Luchini à la plage

Le comédien Fabrice Luchini n'est pas un grand fan de la plage. Les plaisirs du bord de mer le dépassent un peu. Sur l'île de Ré, tel un ethnologue devant un nouveau peuple, il donne sa vision drôle et décalée d'une journée à la plage.

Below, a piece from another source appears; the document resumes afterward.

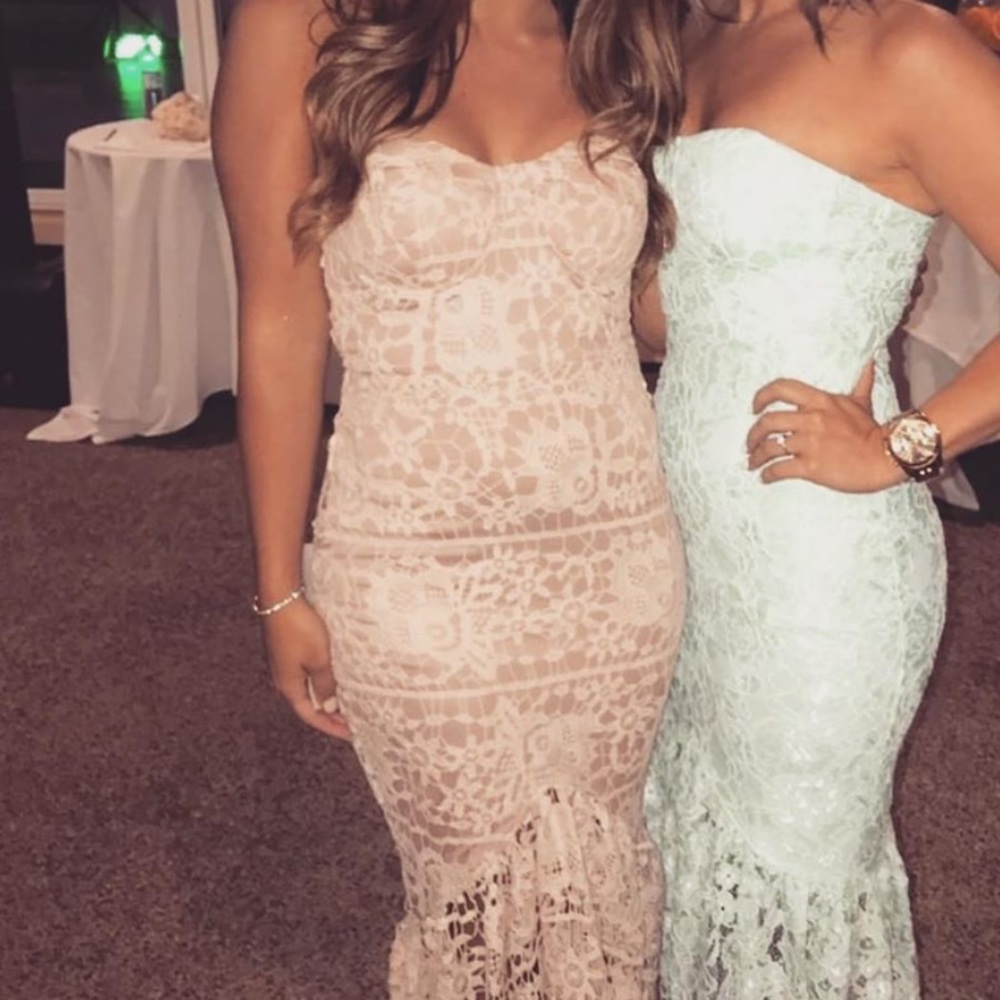 Lace scalloped missguided dress!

On se demanderait presque ce qu'il fait là : Fabrice Luchini, grand amoureux de l'île de Ré (Charente-Maritime), s'étonne pourtant de l'affluence estivale sur les plages. Pour lui, l'île est finie. Les jet-skis sont le symbole de cette fin de règne, où "les bourges sont niqués". Avant de préciser qu'il ne crache pas dans la soupe (en verlan par cet amoureux des mots) et qu'il fait lui-même partie de ces bourgeois qui débarquent sur l'île. D'où son inquiétude, notamment devant la montée de Besancenot et la dictature de la classe ouvrière : "Si j'avais un amour absolu du prolétariat, j'irais à Palavas".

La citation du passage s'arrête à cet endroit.